[[ Entries supplied open ]]
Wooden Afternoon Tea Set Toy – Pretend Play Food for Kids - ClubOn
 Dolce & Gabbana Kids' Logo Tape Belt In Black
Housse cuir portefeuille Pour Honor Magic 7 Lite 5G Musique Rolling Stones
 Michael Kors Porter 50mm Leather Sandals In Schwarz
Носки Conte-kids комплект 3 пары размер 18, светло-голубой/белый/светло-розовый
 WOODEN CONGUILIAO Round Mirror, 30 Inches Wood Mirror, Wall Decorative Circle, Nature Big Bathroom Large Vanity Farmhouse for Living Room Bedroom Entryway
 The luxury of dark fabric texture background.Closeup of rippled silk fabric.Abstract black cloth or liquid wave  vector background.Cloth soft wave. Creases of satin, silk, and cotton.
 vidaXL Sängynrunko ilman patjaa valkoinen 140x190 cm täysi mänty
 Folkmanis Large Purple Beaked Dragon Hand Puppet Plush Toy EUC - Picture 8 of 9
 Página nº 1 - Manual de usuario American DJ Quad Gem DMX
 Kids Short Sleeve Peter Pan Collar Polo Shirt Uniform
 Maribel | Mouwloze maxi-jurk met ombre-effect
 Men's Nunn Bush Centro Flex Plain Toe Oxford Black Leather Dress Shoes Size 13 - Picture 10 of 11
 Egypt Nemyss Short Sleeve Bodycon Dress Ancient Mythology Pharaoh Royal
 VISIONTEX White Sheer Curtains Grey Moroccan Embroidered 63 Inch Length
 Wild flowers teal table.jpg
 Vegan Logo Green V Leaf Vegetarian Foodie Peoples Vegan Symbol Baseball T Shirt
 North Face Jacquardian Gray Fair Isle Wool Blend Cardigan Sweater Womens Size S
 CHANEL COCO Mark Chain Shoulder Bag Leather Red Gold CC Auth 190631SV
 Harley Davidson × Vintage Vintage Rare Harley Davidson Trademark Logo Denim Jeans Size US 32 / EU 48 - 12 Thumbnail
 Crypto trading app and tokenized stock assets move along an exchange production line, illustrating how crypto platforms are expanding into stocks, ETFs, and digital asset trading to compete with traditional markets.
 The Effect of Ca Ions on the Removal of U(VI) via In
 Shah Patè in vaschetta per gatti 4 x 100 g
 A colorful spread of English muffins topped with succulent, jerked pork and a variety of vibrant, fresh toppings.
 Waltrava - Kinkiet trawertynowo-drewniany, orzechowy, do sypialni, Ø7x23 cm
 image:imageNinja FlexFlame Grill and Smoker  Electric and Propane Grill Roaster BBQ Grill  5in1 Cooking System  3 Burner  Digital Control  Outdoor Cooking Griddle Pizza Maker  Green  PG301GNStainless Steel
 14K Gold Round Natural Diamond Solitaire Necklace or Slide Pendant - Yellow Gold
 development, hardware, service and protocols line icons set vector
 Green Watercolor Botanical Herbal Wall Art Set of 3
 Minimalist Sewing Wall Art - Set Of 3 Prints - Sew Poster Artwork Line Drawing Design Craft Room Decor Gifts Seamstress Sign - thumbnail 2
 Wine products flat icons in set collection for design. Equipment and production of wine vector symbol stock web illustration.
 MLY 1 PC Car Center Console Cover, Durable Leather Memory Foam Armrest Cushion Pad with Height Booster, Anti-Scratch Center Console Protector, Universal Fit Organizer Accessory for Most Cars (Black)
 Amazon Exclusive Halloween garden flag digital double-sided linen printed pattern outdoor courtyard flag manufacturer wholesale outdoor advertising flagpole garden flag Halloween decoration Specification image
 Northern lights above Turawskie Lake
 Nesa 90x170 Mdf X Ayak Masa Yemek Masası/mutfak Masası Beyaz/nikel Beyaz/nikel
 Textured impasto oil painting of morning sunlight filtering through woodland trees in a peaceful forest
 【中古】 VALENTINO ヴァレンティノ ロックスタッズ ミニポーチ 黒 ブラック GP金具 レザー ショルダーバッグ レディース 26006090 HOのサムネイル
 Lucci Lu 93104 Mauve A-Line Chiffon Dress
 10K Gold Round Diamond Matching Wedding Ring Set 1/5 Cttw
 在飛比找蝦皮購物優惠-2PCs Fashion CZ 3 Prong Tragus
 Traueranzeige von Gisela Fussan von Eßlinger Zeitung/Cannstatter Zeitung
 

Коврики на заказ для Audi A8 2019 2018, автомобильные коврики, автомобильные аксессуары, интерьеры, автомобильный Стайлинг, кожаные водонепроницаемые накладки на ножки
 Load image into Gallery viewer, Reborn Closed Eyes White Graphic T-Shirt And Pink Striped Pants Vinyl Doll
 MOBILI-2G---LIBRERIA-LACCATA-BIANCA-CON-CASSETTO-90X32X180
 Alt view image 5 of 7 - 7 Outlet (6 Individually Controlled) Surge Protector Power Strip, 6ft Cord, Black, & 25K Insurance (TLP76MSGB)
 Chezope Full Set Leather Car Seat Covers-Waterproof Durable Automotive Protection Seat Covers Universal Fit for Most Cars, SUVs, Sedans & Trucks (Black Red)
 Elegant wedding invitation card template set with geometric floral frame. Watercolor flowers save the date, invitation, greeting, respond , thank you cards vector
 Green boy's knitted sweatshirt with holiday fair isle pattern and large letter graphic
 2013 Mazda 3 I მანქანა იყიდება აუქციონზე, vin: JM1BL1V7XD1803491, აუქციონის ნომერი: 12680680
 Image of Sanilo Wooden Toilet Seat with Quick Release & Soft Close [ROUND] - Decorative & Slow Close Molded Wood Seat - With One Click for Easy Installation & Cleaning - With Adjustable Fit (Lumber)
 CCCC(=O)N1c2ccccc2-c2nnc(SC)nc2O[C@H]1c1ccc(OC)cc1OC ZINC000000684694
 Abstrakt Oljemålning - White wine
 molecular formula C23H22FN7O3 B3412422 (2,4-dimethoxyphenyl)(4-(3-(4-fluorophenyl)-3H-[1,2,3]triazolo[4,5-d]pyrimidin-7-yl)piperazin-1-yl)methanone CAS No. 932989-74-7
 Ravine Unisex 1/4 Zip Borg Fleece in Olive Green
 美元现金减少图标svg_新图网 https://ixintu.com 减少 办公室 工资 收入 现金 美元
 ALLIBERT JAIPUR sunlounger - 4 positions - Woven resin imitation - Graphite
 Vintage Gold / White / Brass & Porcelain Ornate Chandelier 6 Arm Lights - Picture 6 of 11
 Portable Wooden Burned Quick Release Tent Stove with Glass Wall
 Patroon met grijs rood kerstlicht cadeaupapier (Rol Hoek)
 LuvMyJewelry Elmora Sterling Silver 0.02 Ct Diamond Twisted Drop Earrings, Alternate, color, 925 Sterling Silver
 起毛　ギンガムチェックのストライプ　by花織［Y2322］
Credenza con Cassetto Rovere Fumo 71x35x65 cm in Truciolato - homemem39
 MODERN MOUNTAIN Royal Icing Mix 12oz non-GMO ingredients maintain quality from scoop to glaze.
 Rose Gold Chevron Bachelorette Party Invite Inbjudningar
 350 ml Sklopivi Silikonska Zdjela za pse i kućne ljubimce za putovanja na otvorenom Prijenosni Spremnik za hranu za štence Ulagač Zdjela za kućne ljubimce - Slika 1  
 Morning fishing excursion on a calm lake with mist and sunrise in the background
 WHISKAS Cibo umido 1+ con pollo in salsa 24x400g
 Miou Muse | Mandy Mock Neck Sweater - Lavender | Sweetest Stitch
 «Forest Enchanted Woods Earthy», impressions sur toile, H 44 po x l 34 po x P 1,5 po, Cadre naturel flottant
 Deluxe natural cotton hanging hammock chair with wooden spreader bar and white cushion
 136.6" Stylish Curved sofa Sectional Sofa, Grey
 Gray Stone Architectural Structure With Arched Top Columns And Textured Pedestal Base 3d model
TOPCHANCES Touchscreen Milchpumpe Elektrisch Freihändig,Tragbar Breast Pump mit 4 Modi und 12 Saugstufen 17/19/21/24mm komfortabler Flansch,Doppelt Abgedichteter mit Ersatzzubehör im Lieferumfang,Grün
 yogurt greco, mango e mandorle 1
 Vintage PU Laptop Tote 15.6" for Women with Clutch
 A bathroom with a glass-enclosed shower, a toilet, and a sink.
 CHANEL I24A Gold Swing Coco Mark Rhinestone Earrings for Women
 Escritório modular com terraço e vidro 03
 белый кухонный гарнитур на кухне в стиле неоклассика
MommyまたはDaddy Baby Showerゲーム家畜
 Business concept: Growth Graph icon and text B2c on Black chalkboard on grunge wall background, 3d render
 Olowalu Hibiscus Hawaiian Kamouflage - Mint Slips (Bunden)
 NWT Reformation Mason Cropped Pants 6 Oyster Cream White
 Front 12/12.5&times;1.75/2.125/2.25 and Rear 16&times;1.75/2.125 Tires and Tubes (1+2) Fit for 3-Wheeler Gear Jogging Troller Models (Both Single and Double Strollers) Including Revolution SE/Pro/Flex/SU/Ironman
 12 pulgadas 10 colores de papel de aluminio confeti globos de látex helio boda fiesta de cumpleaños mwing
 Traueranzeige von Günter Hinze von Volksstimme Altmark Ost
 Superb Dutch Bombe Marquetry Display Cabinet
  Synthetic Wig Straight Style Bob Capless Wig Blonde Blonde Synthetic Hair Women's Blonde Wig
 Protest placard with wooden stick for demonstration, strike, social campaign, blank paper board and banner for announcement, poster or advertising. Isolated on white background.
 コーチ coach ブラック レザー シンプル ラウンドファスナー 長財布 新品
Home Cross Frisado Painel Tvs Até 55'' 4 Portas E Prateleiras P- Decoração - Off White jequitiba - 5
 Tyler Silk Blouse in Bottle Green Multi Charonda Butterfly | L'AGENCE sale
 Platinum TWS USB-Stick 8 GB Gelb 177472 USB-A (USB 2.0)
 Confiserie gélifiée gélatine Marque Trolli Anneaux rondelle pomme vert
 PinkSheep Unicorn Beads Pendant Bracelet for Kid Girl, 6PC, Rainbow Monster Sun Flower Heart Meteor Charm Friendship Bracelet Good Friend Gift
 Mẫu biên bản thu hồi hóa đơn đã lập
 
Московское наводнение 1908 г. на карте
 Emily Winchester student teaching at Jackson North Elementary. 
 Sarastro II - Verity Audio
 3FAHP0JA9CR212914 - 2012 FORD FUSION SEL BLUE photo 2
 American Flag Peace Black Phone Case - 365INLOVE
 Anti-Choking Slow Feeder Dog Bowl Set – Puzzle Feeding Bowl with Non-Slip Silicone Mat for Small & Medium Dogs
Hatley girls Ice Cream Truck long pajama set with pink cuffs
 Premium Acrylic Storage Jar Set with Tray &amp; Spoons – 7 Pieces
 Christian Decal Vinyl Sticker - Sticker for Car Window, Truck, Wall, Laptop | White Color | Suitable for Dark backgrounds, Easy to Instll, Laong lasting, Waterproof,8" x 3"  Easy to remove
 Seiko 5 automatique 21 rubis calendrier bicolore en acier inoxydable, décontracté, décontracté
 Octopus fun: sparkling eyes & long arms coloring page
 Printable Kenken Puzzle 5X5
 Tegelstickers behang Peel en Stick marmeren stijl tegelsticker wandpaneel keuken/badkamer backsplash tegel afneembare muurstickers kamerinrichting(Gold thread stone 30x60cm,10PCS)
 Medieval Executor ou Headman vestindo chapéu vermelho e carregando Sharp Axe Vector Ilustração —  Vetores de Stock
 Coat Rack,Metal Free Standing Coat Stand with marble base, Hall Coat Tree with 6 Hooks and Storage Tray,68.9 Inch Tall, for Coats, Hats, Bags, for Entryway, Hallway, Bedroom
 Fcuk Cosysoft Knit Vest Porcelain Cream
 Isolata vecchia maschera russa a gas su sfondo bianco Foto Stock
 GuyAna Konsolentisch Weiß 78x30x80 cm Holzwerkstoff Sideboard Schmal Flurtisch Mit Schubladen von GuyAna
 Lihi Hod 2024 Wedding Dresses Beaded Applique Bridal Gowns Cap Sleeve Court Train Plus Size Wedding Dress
[[ Entries supplied closed ]]
Filter the preceding entries down to the lines with "Cars".

> Expected answer:
 MLY 1 PC Car Center Console Cover, Durable Leather Memory Foam Armrest Cushion Pad with Height Booster, Anti-Scratch Center Console Protector, Universal Fit Organizer Accessory for Most Cars (Black)
 Chezope Full Set Leather Car Seat Covers-Waterproof Durable Automotive Protection Seat Covers Universal Fit for Most Cars, SUVs, Sedans & Trucks (Black Red)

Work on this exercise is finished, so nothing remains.